Back at the Zocalo we admired the four sides, each with their own specific building. The San Ildefonso cathedral, with its two white bell towers, dates from the 16th Century, and apparently has been built on top of a Maya temple, as was customary at the time – this is how you demonstrated your superiority over the subjugated people. The church is not particularly attractive, the huge inside minimally decorated. Grave stones are testimony to the important citizens that were buried inside, in the 19th Century.
The most important building on the Zocalo is the Casa de Montejo, the oldest house in town, from the 1540’s – although now only the front entrance is original, the rest has been reconstructed at later dates. The front is especially remarkable for the frieze of Spanish conquistadores with their weapons, and the chopped off heads at their feet. The chief conquistador was Fernando the Montejo, who conquered the ancient Maya city of Tho, whose architectural remains made him think of the Roman ruins in the Spanish city of Merida; voila, the name for the newly built city. Apparently, the descendants of Montejo still lived in the house until the 1980s (!).
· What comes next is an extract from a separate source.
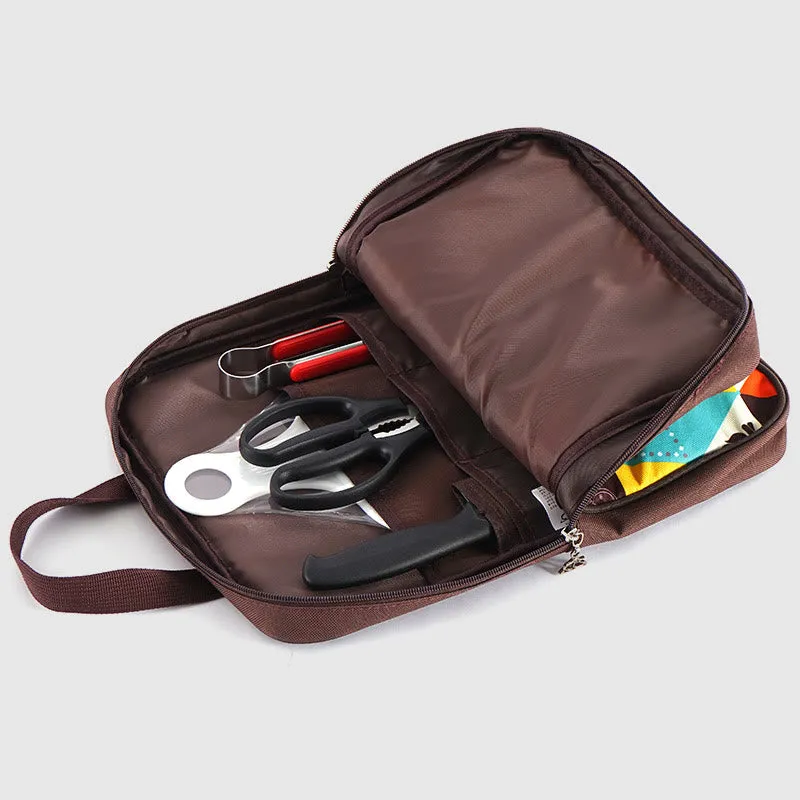 Stainless Steel Cookware Bag Outdoor Camping BBQ Storage Bag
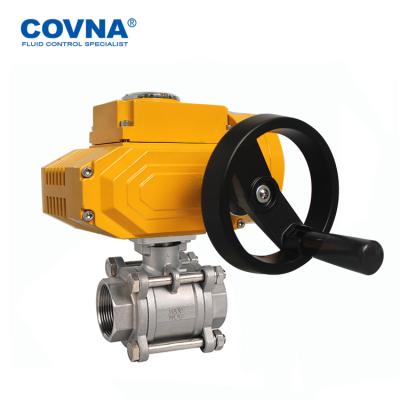 China General COVNA Electric Actuated Valves 4~20maA Explosion Proof 2.5 In Motorized Ball Valve For Gas for sale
Next on the square is the pink-painted municipality building, not accessible, whilst on the fourth side is the Palacio de Gobierno, a green building with a colonnaded patio. The building itself is nice enough, but what makes it special are the extensive murals on the ground floor and upstairs, as well as the series of murals in a large hall in front. These have been painted in the 1970s by local artist Fernando Castro Pachego, depicting the history of the Mayas before, and especially after, the contact with the Spaniards. Very powerful images, most of them, well executed in an appealing style – also staying with a Mexican mural tradition from the 1930s of which I hope to see more once we get back to Mexico City.
One block away from the Zocalo is the Parque Hidalgo, with the façade of the Arte Nouveau-like Grand Hotel, and the much older, 17th Century Iglesia de Jesus, which, unfortunately, is closed. This one, too, was built on an ancient Maya temple.
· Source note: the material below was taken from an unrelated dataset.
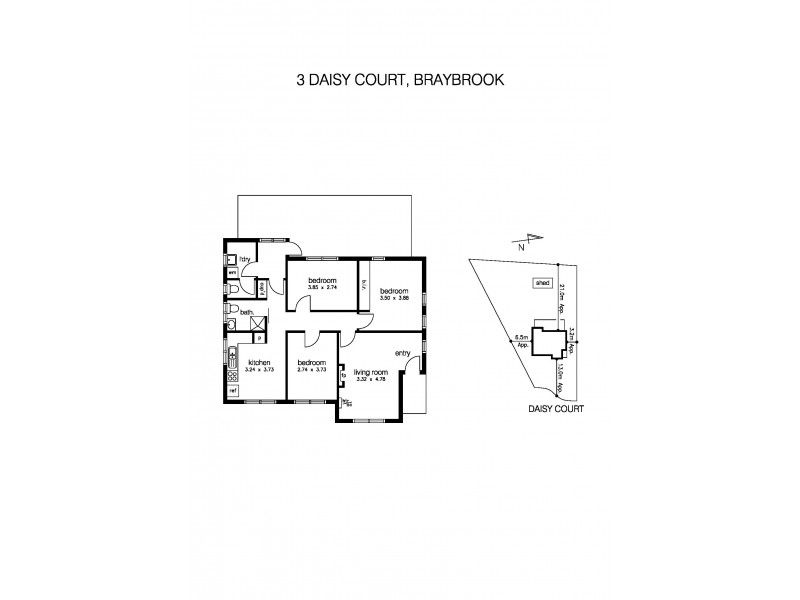 3 Daisy Court, Braybrook VIC 3019 Floorplan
On the way out, a little further from the centre, is the Paseo de Montejo, a stylish long street with several examples of early 20th Century houses, built for the rich sisal barons, the men who dominated the sisal production and trade, at the time called the ‘green gold’, which provided the wealth of Merida, and the greater Yucatan area. In the country side there are still several haciendas testifying to this once important product, that has since succumbed to industrial, artificial replacements. In the end we never managed to visit any of the haciendas, but the comparison with the caliche exploitation in Chile, and its early 20th C replacement by fertilizer, is inescapable.